O longa-metragem lançado esta semana nos cinemas é uma adaptação livre da obra literária, à medida que Salles se inspira no que Andrade relatou no livro, mas também incorpora dados biográficos do autor, realizando um filme-ensaio. Mais do que simplesmente encenar a viagem, a partir dos registros (nem sempre lineares) do escritor, o diretor abre uma janela para a mente de Andrade.

Suas impressões e inquietações sobre o Brasil muitas vezes tomam formas curiosas na tela. O próprio Andrade reflete sobre a identidade cultural, pensando alto diante de sua máquina de escrever ou olhando para a câmera e falando diretamente com o espectador. Ele também pode criar uma conversa imaginária com tipos locais que despertam o seu interesse durante o percurso, como o seringueiro da selva.

Outros momentos já reconstituem a jornada em si, como a decepção de Andrade, ao se dar conta de que seria o único “pensador” da viagem, patrocinada pela mecenas Olívia Guedes Penteado — sua comitiva trazia, em sua maioria, membros da elite.

A parte documental também se apoia nas fotografias que o escritor tirou ao longo da viagem de três meses na região amazônica: das águas, da vegetação, das embarcações, dos trabalhadores braçais, dos pescadores e das manifestações folclóricas.

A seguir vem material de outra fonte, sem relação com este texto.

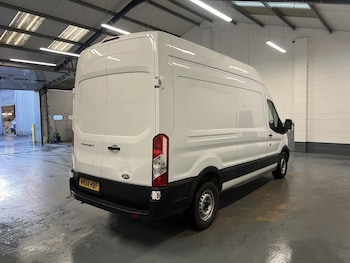 Used Ford Transit 2024 for sale - 76874199: Photo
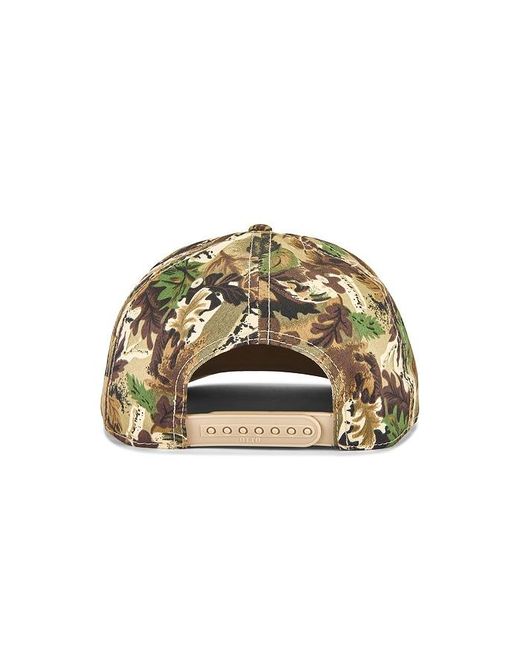 Darling Natural Patch Cap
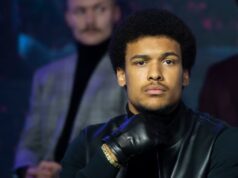 Wilkens Mathieu contre un Brésilien coriace à Québec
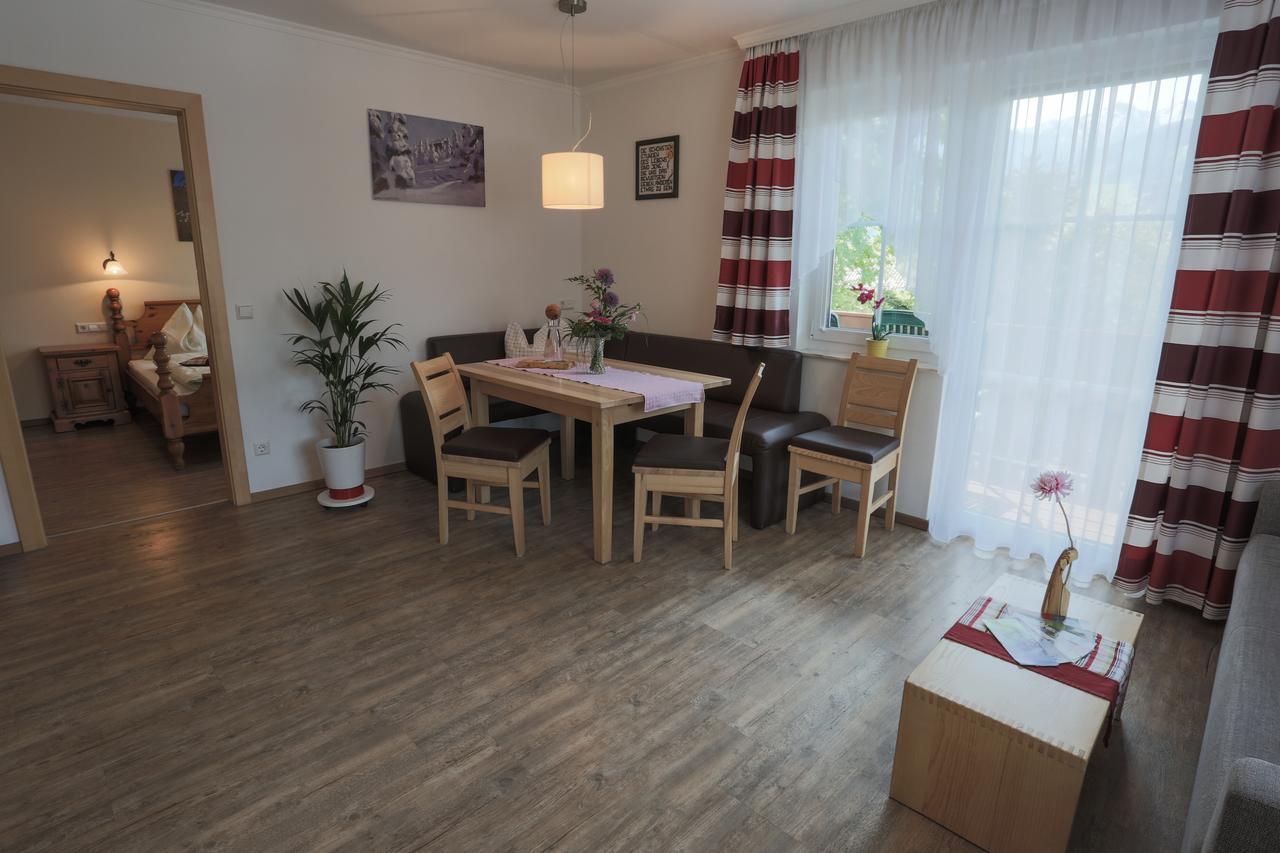Appartments Am Esslgut Хаус-им-Энншталь Экстерьер фото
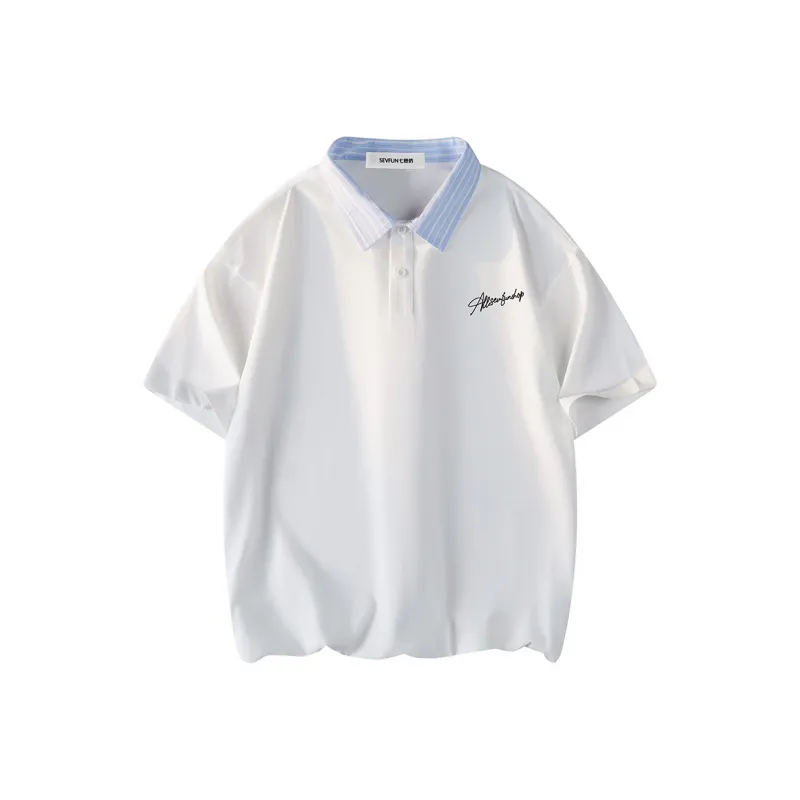 7 SEVFUN Polo Shirts Unisex-7
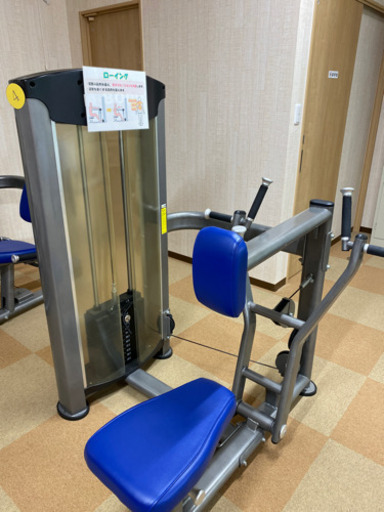 【本日限定】トレーニング機器売ります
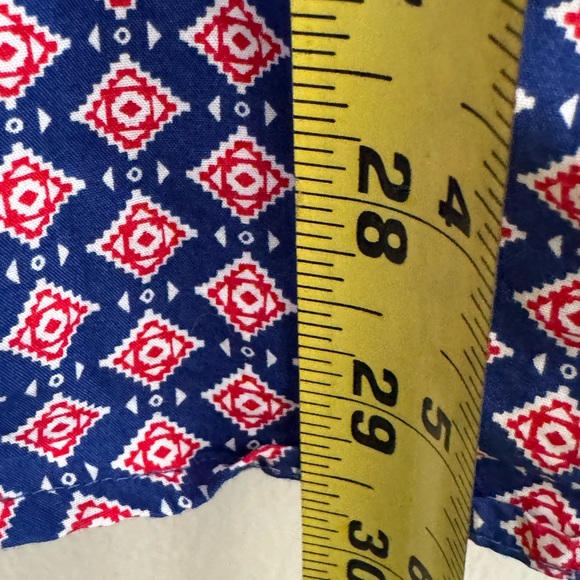 ARIAT Men's Long Sleeve Button Down Shirt - Size Small Embroidered Team Logo - Picture 11 of 11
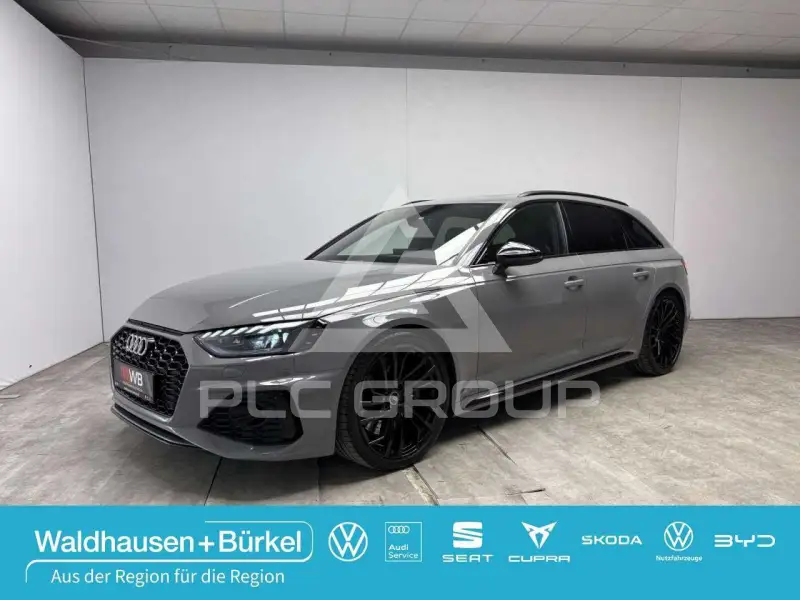 2023 Audi RS4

“Não fui feito para viajar, mas agora é tarde. Parti sentindo um vazio pelo que larguei em São Paulo. Me preparo então para tribos selvagens, jacarés e formigões”, diz Andrade, na pele do ator Rodrigo Mercadante. “O Brasil não é um país que acumula. Há sempre um novo a se instalar. E foi assim que viajei: com a intenção de absorver e copiar o Brasil. Me interessava fazer o Brasil nascer de si mesmo”, completa o escritor.

A impressão que se tem é a de que Andrade não escreveu os relatos da viagem pensando necessariamente em livro, até porque o material saiu em sua coluna no jornal O Diário Nacional. Ele só revisaria as anotações em 1943, 16 anos depois da expedição e dois antes de sua morte, em 1945, aos 51 anos, de infarto, em São Paulo.

Durante os três meses em que ficou viajando pelo Brasil, Mário de Andrade passou pelo Amazonas, como mostra o registro de 1927 (Foto: Divulgação)

Em "O turista Aprendiz", o cineasta Mutilo Salles abre uma janela para a mente do escritor modernista (Foto: Divulgação)

Nessa cena, o escritor discursa em tupi, no Palácio Rio Negro, sede do governo do Amazonas (Foto: Divulgação)

Mario de Andrade, o Turista Aprendiz é todo concebido como uma carta de amor ao escritor que dedicou a sua vida a refletir sobre o Brasil.

Andrade desbravou o país, navegando pelos rios Amazonas, Solimões e Madeira, em embarcação a vapor, um ano antes de publicar sua obra máxima: Macunaíma, em 1928, sobre o “herói sem caráter”.

Como Macunaíma já estava praticamente escrito quando ele embarcou no Rio de Janeiro, com destino a Belém do Pará, o que se vê é um escritor com as ideias em ebulição. Muitas vezes, ele reflete aqui sobre o próprio Macunaíma, o personagem espertalhão que é uma espécie de amálgama da formação do povo brasileiro, por representar a mistura de raças.

“Eu não quero que imaginem que eu pretendi fazer de você a expressão heroica da nossa cultura. Não tive a intenção de sintetizar o brasileiro em você”, comenta Andrade, no filme, como se conversasse com a sua criação literária.

E ele completa: “Você é apenas o herói dessa brincadeira. É um sintoma de que a cultura nacional não existe em país incaracterístico e com um povo incaracterístico. Formá-la é a nossa aventura. E você serve para isso, Macunaíma. Para nos dar um passado, onde os homens prevaricam, enganam e preguiçam".